Maybe the energy of purchasable goods that was transferred to the potential of winnable women was not the healthiest of associations. But what I learned was that, in order to successfully gain a woman’s favor, you had to give her things. And to get the things, you had to work among the things. When I was a child, I played among Toys and Electronics. But when I grew up, I put away childish things and found work in Men’s Furnishings. What can I say? Hemingway had the First World War. I had Gimbels.

I grew older, and the lessons turned into blessings. As an impoverished graduate student living on the Upper West Side, I discovered that precious gift to upward mobility: the Barneys warehouse sale. One day, I was surrounded by the pedigreed scions of wealth, my frayed sleeves and cheap shoes betraying my humble origins and straitened circumstances. The next I was an Armani-clad, Prada-shod prince.

There is nothing like the melting pot of the final feverish minutes of the warehouse sale, when prices are slashed by 80 percent and you can pick up a Calvin Klein sport jacket for the price of a bag of organic potatoes. Kids from the South Bronx are plowing bins of Brioni shirts alongside bankers and movie producers. Refugees who have fled from some of the most tragic places on Earth are slipping their feet into Varvatos boots in preparation for a new life.

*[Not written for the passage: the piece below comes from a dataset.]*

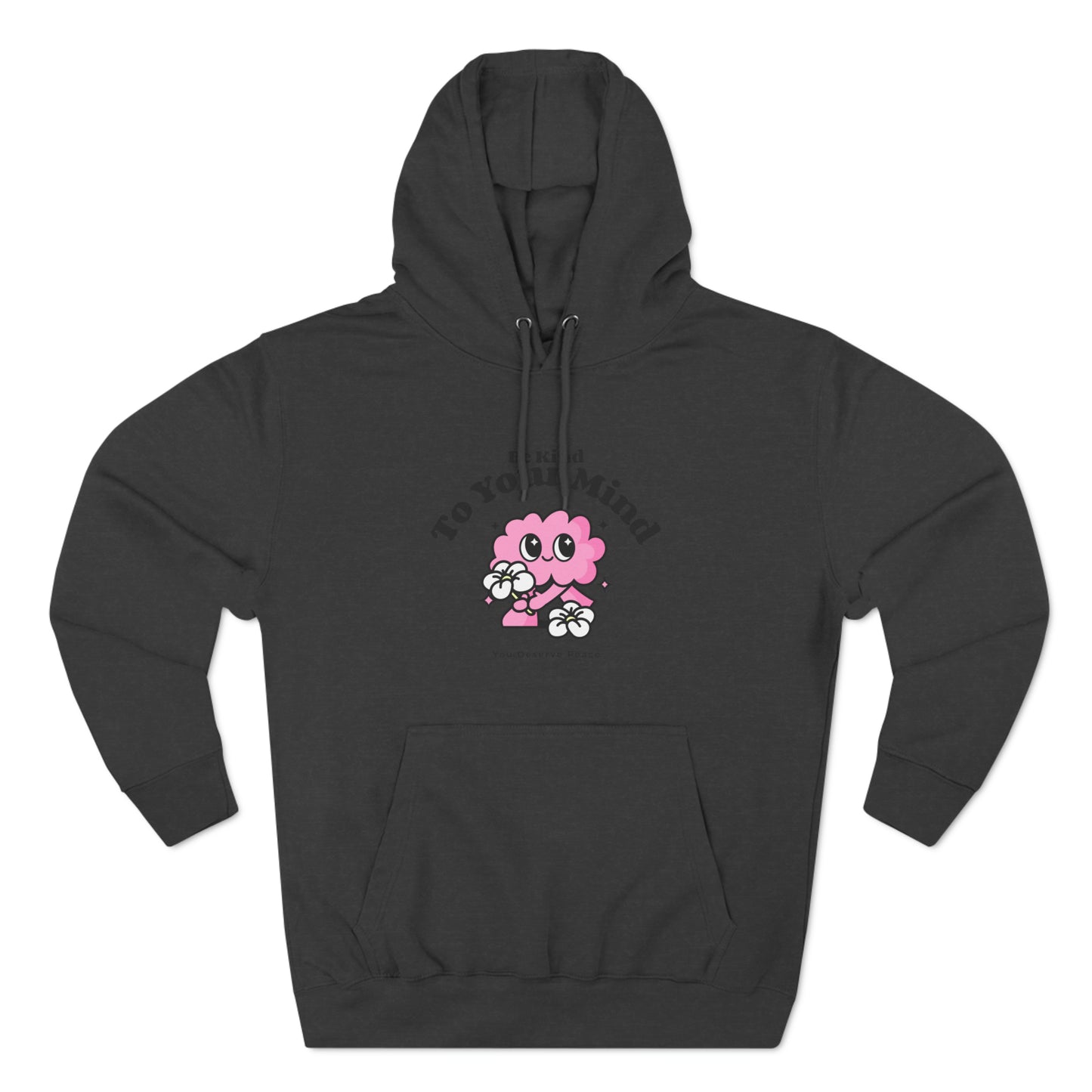 "Be Kind To Your Mind" Wellness Hoodie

It is like those moments in Homer when a god casts a protective glow over a favored mortal. For a moment, the iron laws of economics surrender to the idea of equality. If the custodians of public order knew what depths of anarchy lurked in such moments of retail grace, they might not allow them.

But there is nostalgia clinging to department stores now, if not outright pathos, as online shopping approaches its final triumph. No more poor kids jostling with financial titans over Armani sweaters. No more stealing your first kiss in a stockroom among boxes of shoes like smitten actors smooching in the wings between acts. No more warehouse sales or Macy’s one-day sales, in which capitalism lowers its fences and teeming humanity rushes in, like Walt Whitman’s masses, in hopes of achieving through appearance what seems less and less attainable by merit alone.

So in this twilight of the department-store behemoths, bring on the holiday sanctums of retail. Say what you will about the many virtues of online convenience, without the tutelary symbolism of fitting rooms and escalators, the middle class will have one less inspiration on the road to fulfillment. Prada boots, start walking.